▶ **ACTION ITEM**:
The data must be reproduced verbatim; images are to be omitted.

▶ **COLLECTED DATA**:
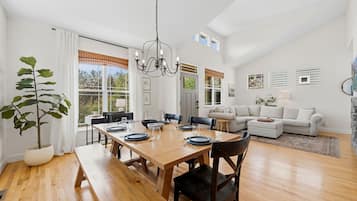 House, Multiple Beds, Garden View (Old Town North Retreat) | Dining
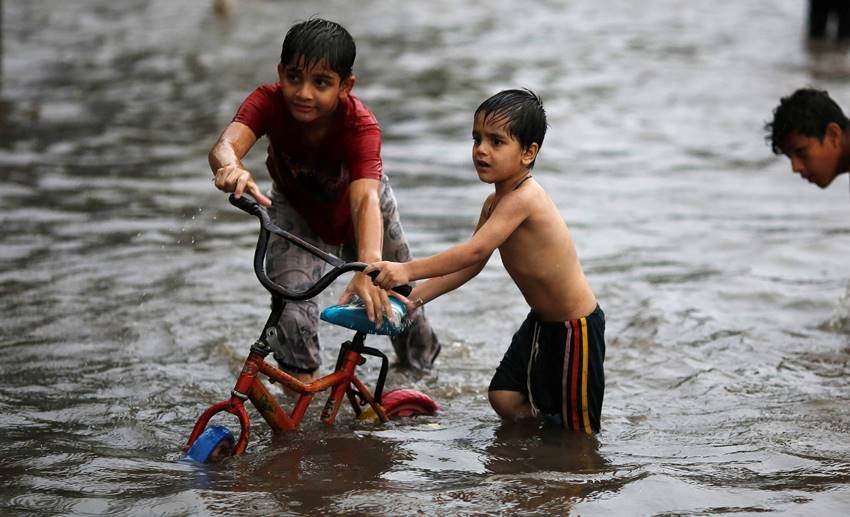 delhi rain, delhi rainfall, delhi floods, delhi traffic jam, delhi flooded, rains, gurgaon rain, noida rain, noida rains, ncr rains, floods in delhi, delhi floods, delhi traffic jam, delhi waterlogging, noida rain, rain live update, delhi rain live, traffic jam update, india news, jansatta delhi rain, delhi rainfall, delhi floods, delhi traffic jam, delhi flooded, rains, gurgaon rain, noida rain, noida rains, ncr rains, floods in delhi, delhi floods, delhi traffic jam, delhi waterlogging, noida rain, rain live update, delhi rain live, traffic jam update, india news, jansatta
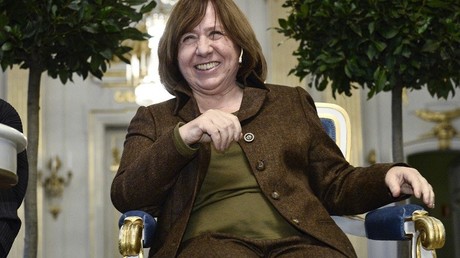 Le Nobel de littérature Svetlana Alexievitch se dit en vie, après l’annonce de son décès sur Twitter
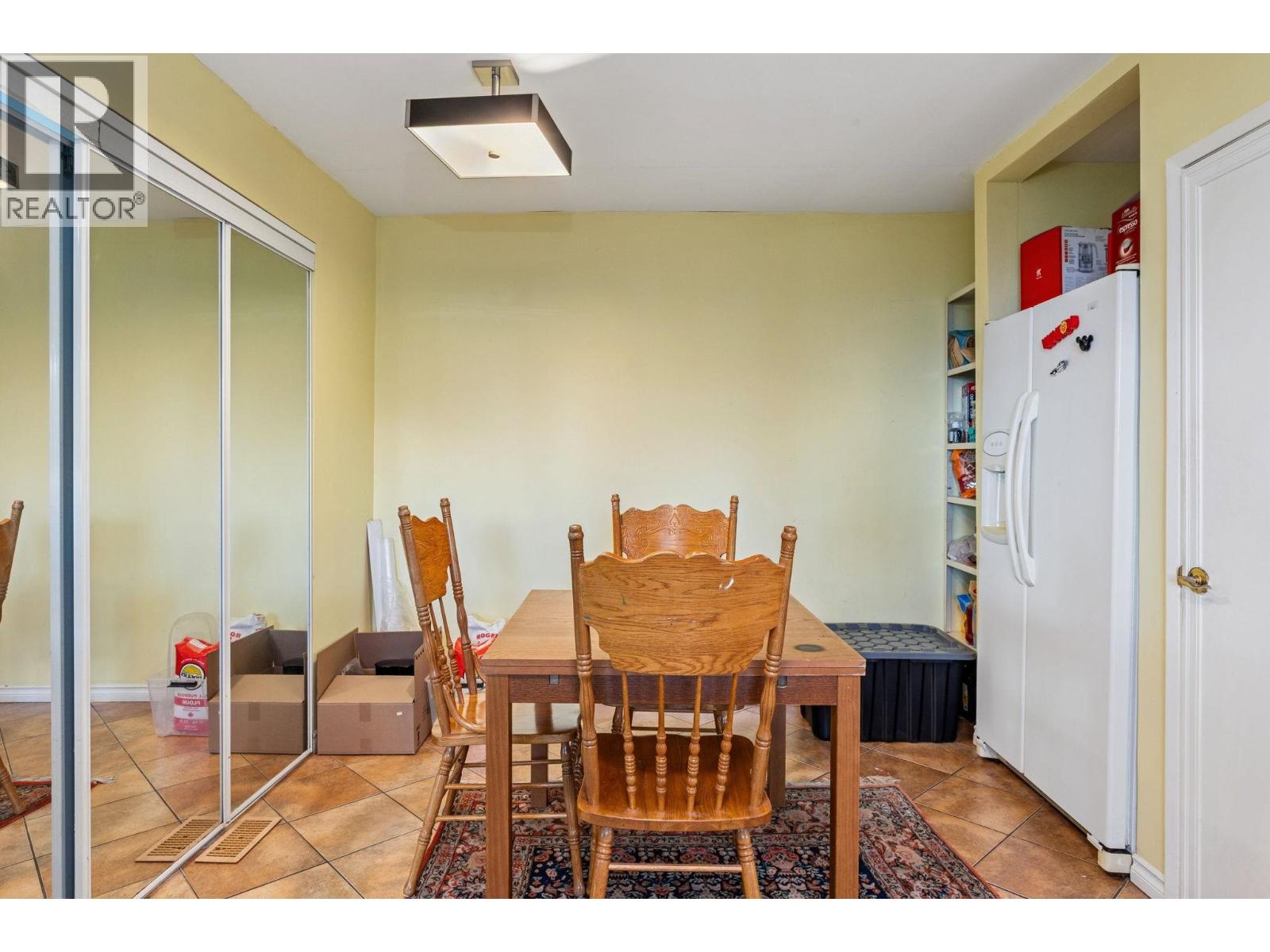 556 BALLANTREE ROAD, West Vancouver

▶ **SOLUTION**:
 House, Multiple Beds, Garden View (Old Town North Retreat) | Dining
 delhi rain, delhi rainfall, delhi floods, delhi traffic jam, delhi flooded, rains, gurgaon rain, noida rain, noida rains, ncr rains, floods in delhi, delhi floods, delhi traffic jam, delhi waterlogging, noida rain, rain live update, delhi rain live, traffic jam update, india news, jansatta delhi rain, delhi rainfall, delhi floods, delhi traffic jam, delhi flooded, rains, gurgaon rain, noida rain, noida rains, ncr rains, floods in delhi, delhi floods, delhi traffic jam, delhi waterlogging, noida rain, rain live update, delhi rain live, traffic jam update, india news, jansatta
 Le Nobel de littérature Svetlana Alexievitch se dit en vie, après l’annonce de son décès sur Twitter
 556 BALLANTREE ROAD, West Vancouver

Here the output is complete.